La récente publication d'un rapport sévère pour Benyamin Nétanyahou sur la guerre de Gaza en 2014 pourrait nuire à la réputation de «Monsieur sécurité» qui contribue à la longévité et la popularité du premier ministre, estiment des analystes.

Rédigé par le contrôleur de l'État, Yossef Shapira, le rapport officiel publié mardi dénonce les décisions prises par le premier ministre durant cette guerre qui avait fait côté israélien 74 morts, dont 68 soldats.

Il accuse M. Nétanyahou et le ministre de la Défense de l'époque, Moshé Yaalon, d'avoir mal préparé Israël aux attaques menées via des tunnels souterrains creusés par le Hamas palestinien entre la bande de Gaza et le territoire israélien et de n'avoir communiqué au gouvernement qu'une partie des informations dont ils disposaient sur le sujet.

Le premier ministre a aussitôt rejeté les conclusions du rapport en l'accusant de s'en prendre à l'armée, tandis que l'opposition réclamait sa démission.

Le rapport a été rendu public alors que Benyamin Nétanyahou, au pouvoir depuis 8 ans, tente de limiter les dégâts potentiels que pourraient provoquer une série d'enquêtes sur des soupçons de corruption.

La dernière guerre de Gaza avait fait côté palestinien 2251 morts et 100 000 sans-logis, selon l'ONU.

Les tunnels ont été une des armes les plus efficaces du Hamas durant les 50 jours qu'avait duré cette guerre à l'été 2014. Cinq soldats avaient ainsi été tués le 29 juillet en territoire israélien dans une attaque de combattants du Hamas qui avaient surgi d'un tunnel près du kibboutz de Nahal Oz.

Appels à démissionner

Le chef de l'opposition Isaac Herzog s'est saisi de ses conclusions pour réclamer la démission du premier ministre.

Mais un départ de M. Nétanyahou a peu de chance de se produire dans l'immédiat, estime Gil Hoffman, correspondant politique du quotidien Jerusalem Post, soulignant néanmoins que le rapport allait porter atteinte à sa réputation de «Monsieur Sécurité» qui lui avait permis de remporter les élections en 2015.

«Nétanyahou a persuadé les Israéliens que lui seul et seulement était capable de leur donner un sentiment de sécurité», explique-t-il à l'AFP.

Mais, souligne-t-il, M. Nétanyahou ne pourra plus revendiquer ce rôle s'il se présente aux prochaines élections et qu'il est confronté à un candidat issu des milieux de sécurité, qui exploitera les conclusions du rapport pour entamer la crédibilité du chef du gouvernement sur la question.

Naftali Bennett, le ministre de l'Éducation et chef du parti nationaliste religieux Foyer Juif, apparaît comme le politicien le mieux placé pour profiter de la publication du rapport.

Il a constamment accusé le premier ministre de ne pas avoir partagé les informations durant la guerre de Gaza.

«Le rapport porte au crédit de Bennett d'avoir posé les bonnes questions», estime Yossi Mekelberg, du groupe de réflexion britannique Chatham House, en ajoutant: «Bennett n'a pas obtenu les bonnes réponses».

Considéré comme le rival le plus sérieux de Benyamin Nétanyahou au sein de la droite, M. Bennett est resté silencieux sur le rapport mais la ministre de la Justice, Ayalet Shaked, membre de son parti, a exprimé publiquement son soutien au rapport.

«Masse critique»

En 2007, un rapport préliminaire sur la guerre menée l'année précédente au Liban avait sévèrement critiqué le premier ministre de l'époque Ehud Olmert.
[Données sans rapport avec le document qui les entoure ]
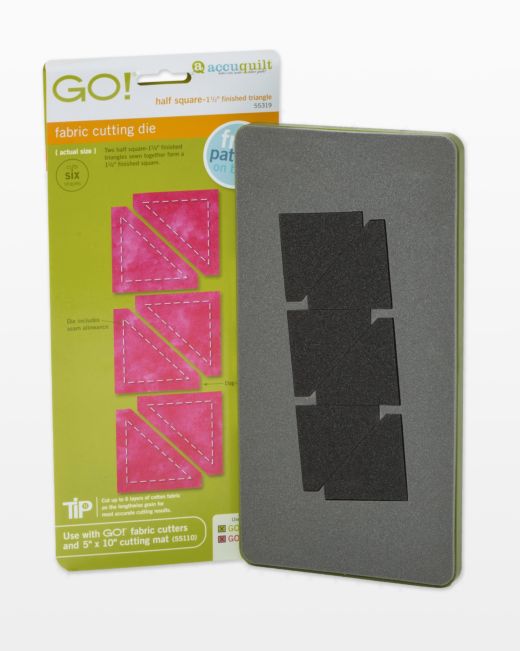 GO! Half Square Triangle-1 1/2" Finished Square Die (55319)-Accuquilt-Accuquilt-Maple Leaf Quilting Company Ltd.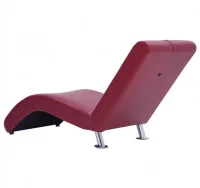 Diván con almohada de cuero sintético color vino t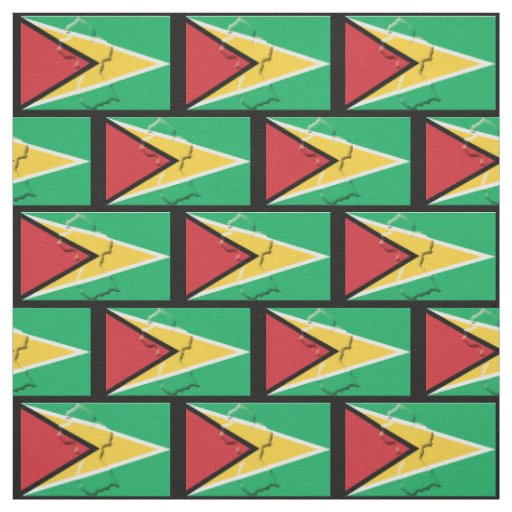 Map and Flag of GUYANA Fabric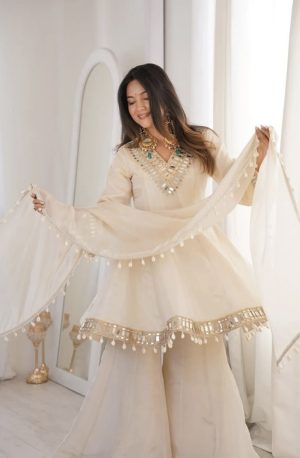 Mirror work Kurti with Sharara & dupatta - Image 2
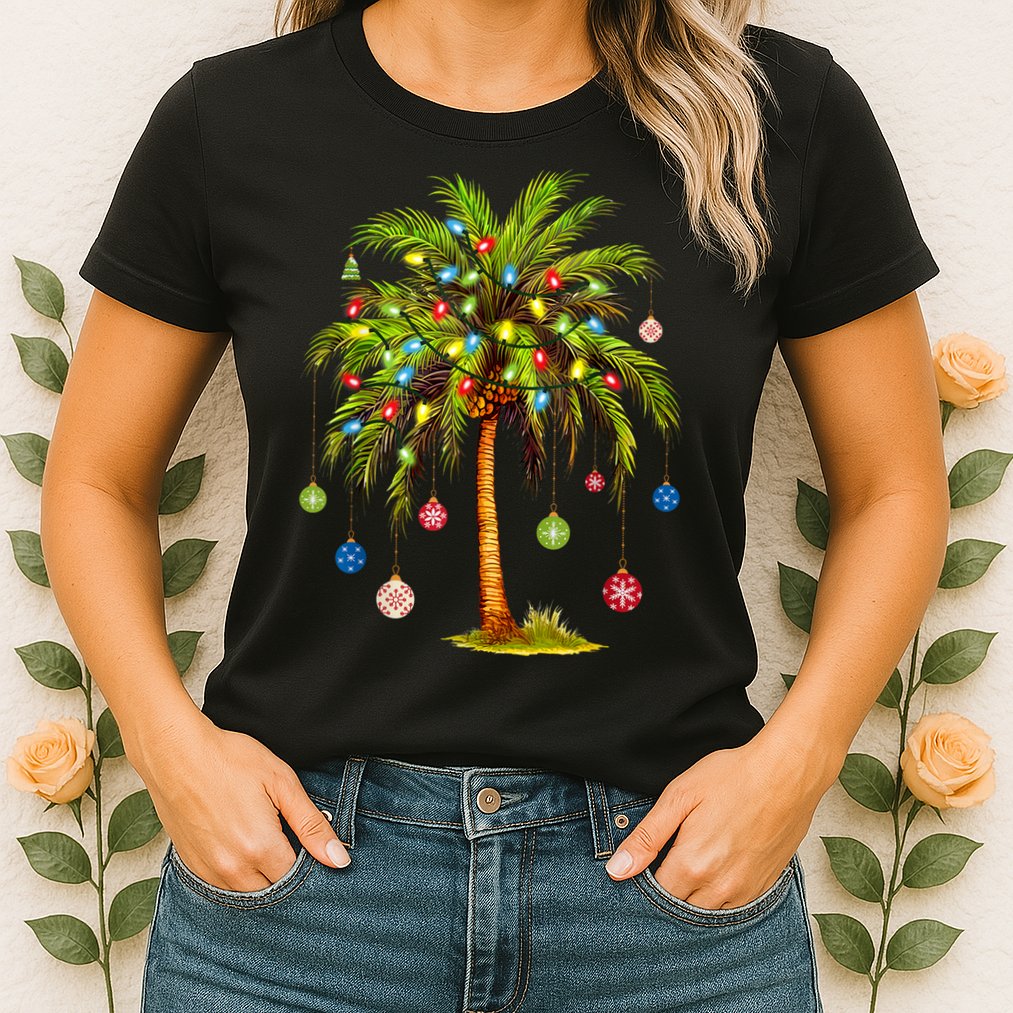 Christmas Palm Tree Light Hawaiian Tropical Xmas Womens T-Shirt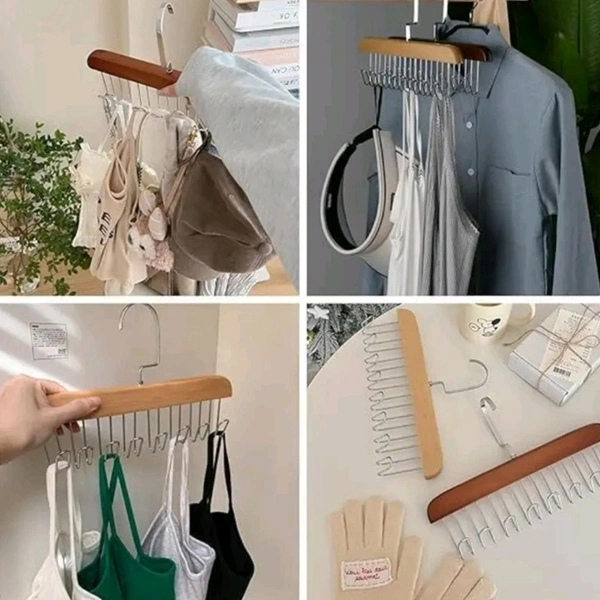Multifunctional Trending Space Saving Wooden Hanger With 8 Metal Hooks For Easy Hanging 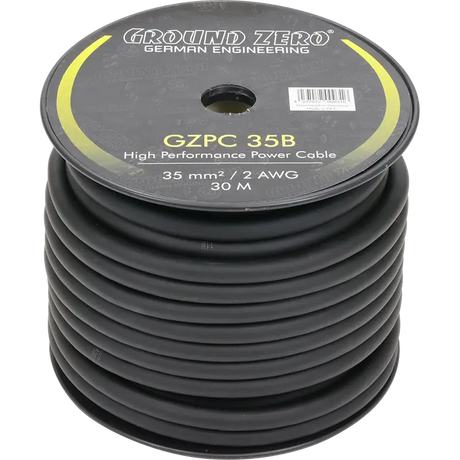 Cable alimentation 35 mm² noir Ground Zero - Sound Auto Concept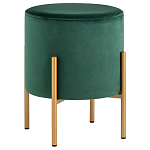 Зеленый пуф на золотистых ножках SANJAY варинант исполнения - 1 | Loft Concept в Краснодаре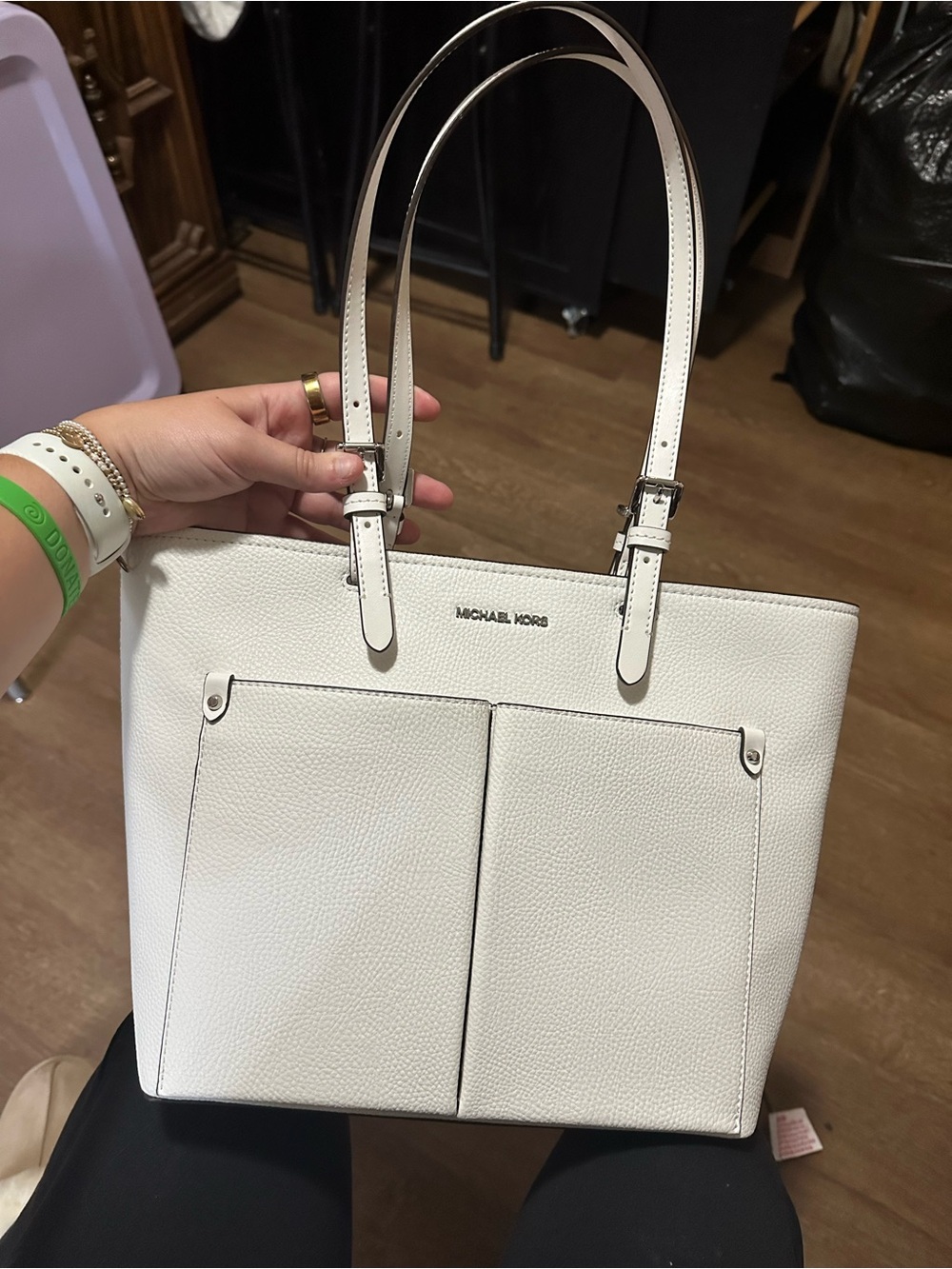 Michael Kors Ivory Pebbled Leather Tote with Front Pockets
Benjamin Nétanyahou, leader de l'opposition avait alors appelé à sa démission et encouragé des dizaines de milliers de manifestants à descendre dans la rue.
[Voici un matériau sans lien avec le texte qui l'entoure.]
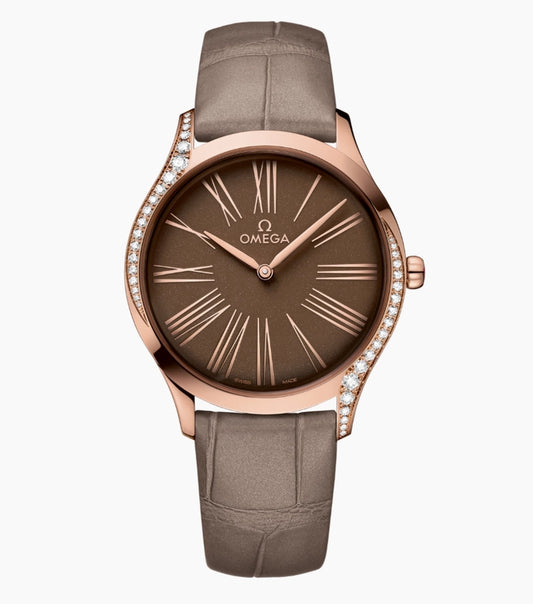 Omega De Ville Brown Dial on Leather Strap Ref 428.58.36.60.13.001 with Card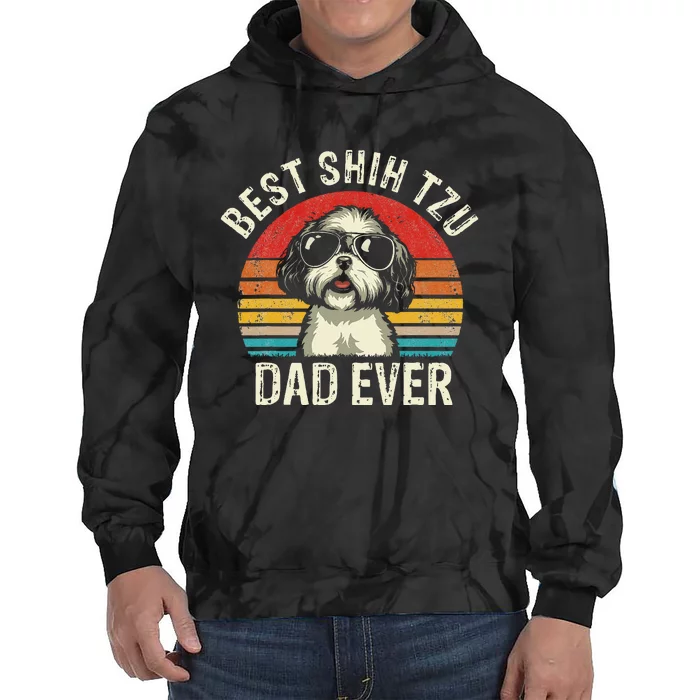 Best Shih Tzu Dad Ever Fathers Day Vintage Shih Tzu Dog Tie Dye Hoodie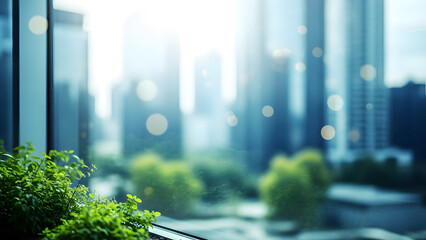 sustainable corporate abstract business background view of a green city street featuring urban architecture and skyscrapers under a blue sky in the downtown business district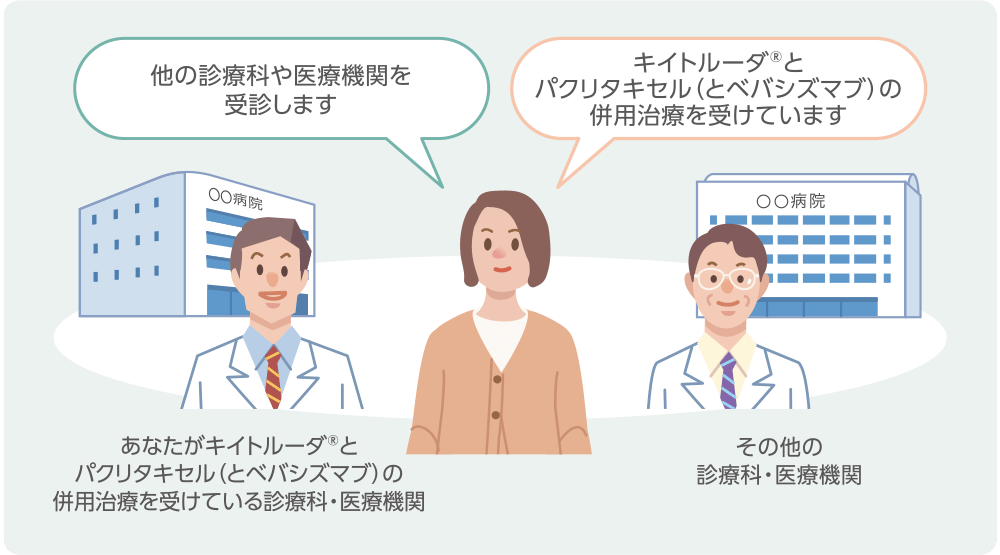 治療中、他の医療機関を受診する場合のイラスト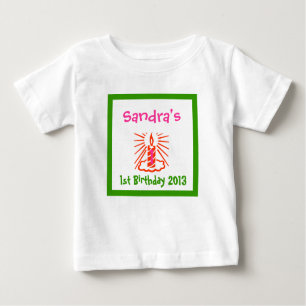Baby's first Birthday, baby's 1st pink and green Baby T-shirt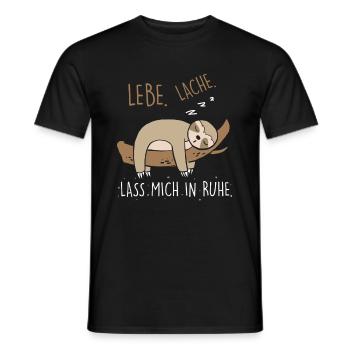 Lebe Lache Lass Mich In Ruhe Faultier - Männer T-Shirt - Schwarz - Vorne - AI Model Male 178 light (178cm)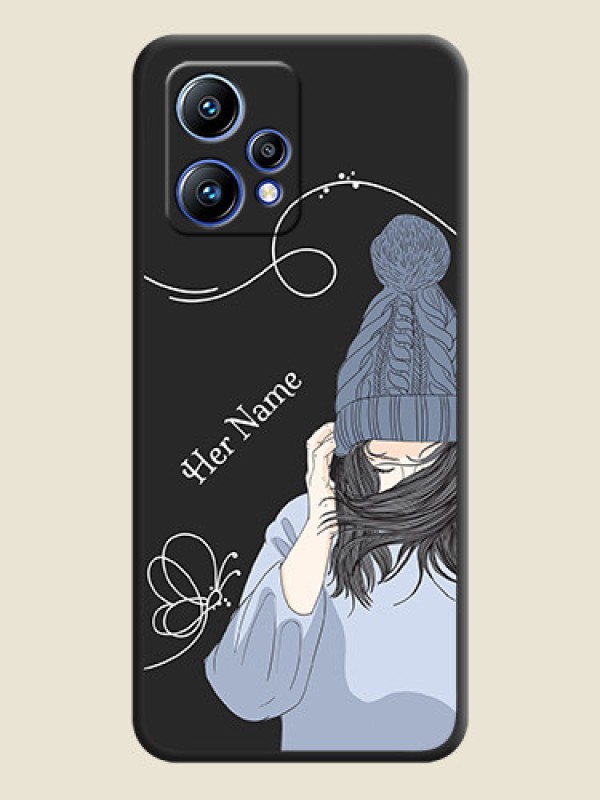 Custom Girl With Blue Winter Outfiit Custom Text Design On Space Black Personalized Soft Matte Phone Covers -Realme 9 4G - alternate view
«Ceux qui ont échoué durant la guerre ne peuvent pas être ceux qui en corrigent les erreurs», avait proclamé Benyamin Nétanyahou.

Ehud Olmert avait finalement démissionné un an plus tard à la suite d'accusations de corruption. Cela rappelle ce qui se passe actuellement concernant M. Nétanyahou, estime Gil Hoffman.

Mais Liran Ofek de l'Institution pour les Études sur la sécurité nationale rappelle que la guerre de 2006 avait été considérée comme un échec alors que pour la majorité des Israéliens l'offensive de Gaza en 2014 est vue comme un succès relatif.

«En 2014, Israël n'a pas détruit le Hamas, mais il l'a affaibli», constate-t-il.

Pour Yossi Mekerlberg, le premier ministre va continuer à balayer d'un revers de main le rapport et les soupçons de corruption. Mais «la question est de savoir à quel moment on atteint le point où la masse devient critique, où trop c'est trop».